I've implemented a working multithreaded merge sort in C++, but I've hit a wall.
In my implementation, I recursively split an input vector into two parts, and then thread these two parts:
void MergeSort(vector<int> *in)
{
if(in->size() < 2)
return;
vector<int>::iterator ite = in->begin();
vector<int> left = vector<int> (ite, ite + in->size()/2);
vector<int> right = vector<int> (ite + in->size()/2, in->end() );
//current thread spawns 2 threads HERE
thread t1 = thread(MergeSort, &left);
thread t2 = thread(MergeSort, &right);
t1.join();
t2.join();
vector<int> ret;
ret.reserve(in->size() );
ret = MergeSortMerge(left, right);
in->clear();
in->insert(in->begin(), ret.begin(), ret.end() );
return;
}
The code appears to be pretty, but it's one of the most vicious codes I've ever written. Trying to sort an array of more than 1000 int values causes so many threads to spawn, that I run out of stack space, and my computer BSODs :( Consistently.
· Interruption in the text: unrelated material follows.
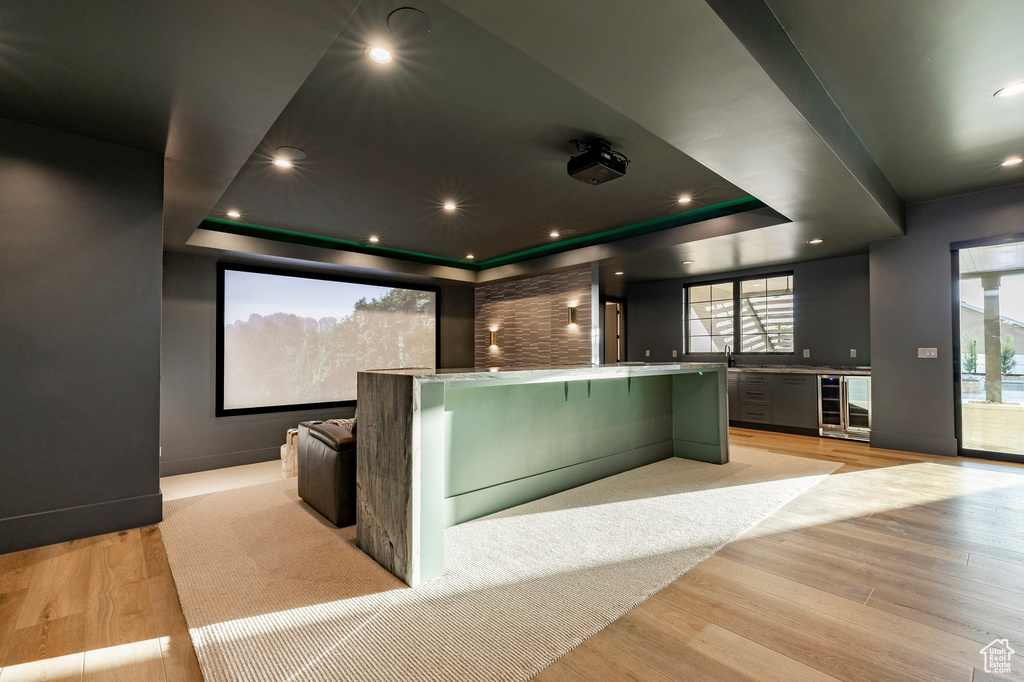 Home theater featuring wine cooler, a tray ceiling, light wood finished floors, and a community bar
I am well aware of the reason why this code spawns so many threads, which isn't so good, but technically (if not theoretically), is this not a proper implementation?
Based on a bit of Googling, I seem to have found the need for a threadpool. Would the use of a threadpool resolve the fundamental issue I am running into, the fact that I am trying to spawn too many threads? If so, do you have any recommendations on libraries?
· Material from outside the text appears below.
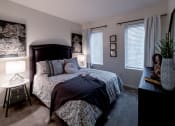 Thumbnail 26 of 34 - bedroom with a large bed and a dresser with a potted plant at 310 at Nulu Apartments-Student, Louisville, KY 40202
Thank you for the advice and help!
As zdan explained, you shall limit the number of threads. There are two things to consider to determine what's the limit,
The number of CPU cores. In C++11, you can use std::thread::hardware_concurrency()
to determine the hardware cores. However, this function may return 0 meaning that the program doesn't know how many cores, in this case, you may assume this value to be 2 or 4.
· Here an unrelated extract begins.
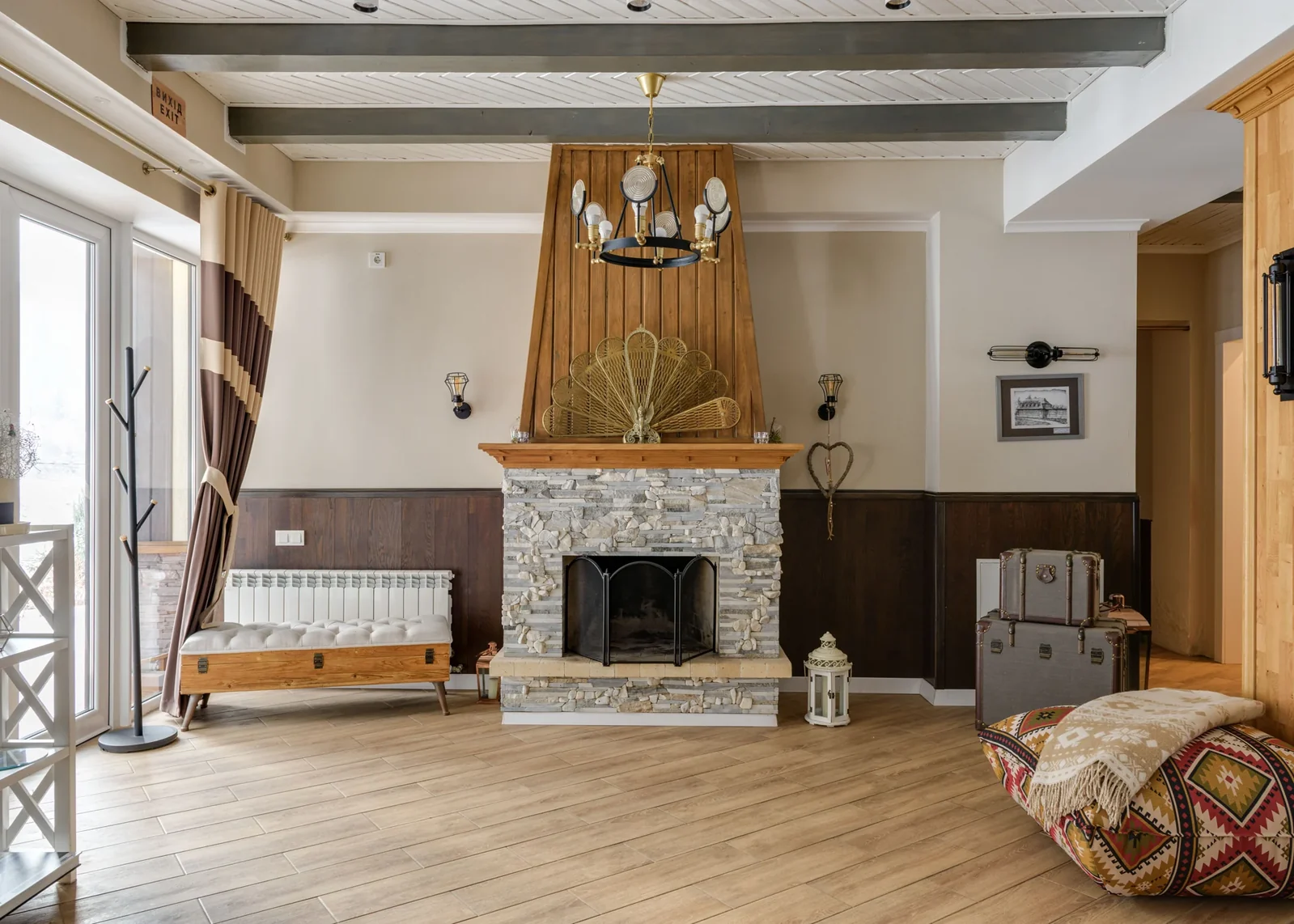 Living room with a stone fireplace, wood mantel, cream walls and exposed ceiling beams.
Limited by the number of data to be processed. You can divide the data to be processed by threads until 1 data per thread, but it will cost too much for only 1 data and it's not cost efficient. For example, you can probably say, when the number of data is smaller than 50, you don't want to divide anymore. So you can determine the maximum number of threads required based on something like total_data_number / 50 + 1
.
Then, you choose a minimum number between case 1 & case 2 to determine the limit.
In your case, because you are generating thread by recursion, you can try to determine the recursion depth in similar ways.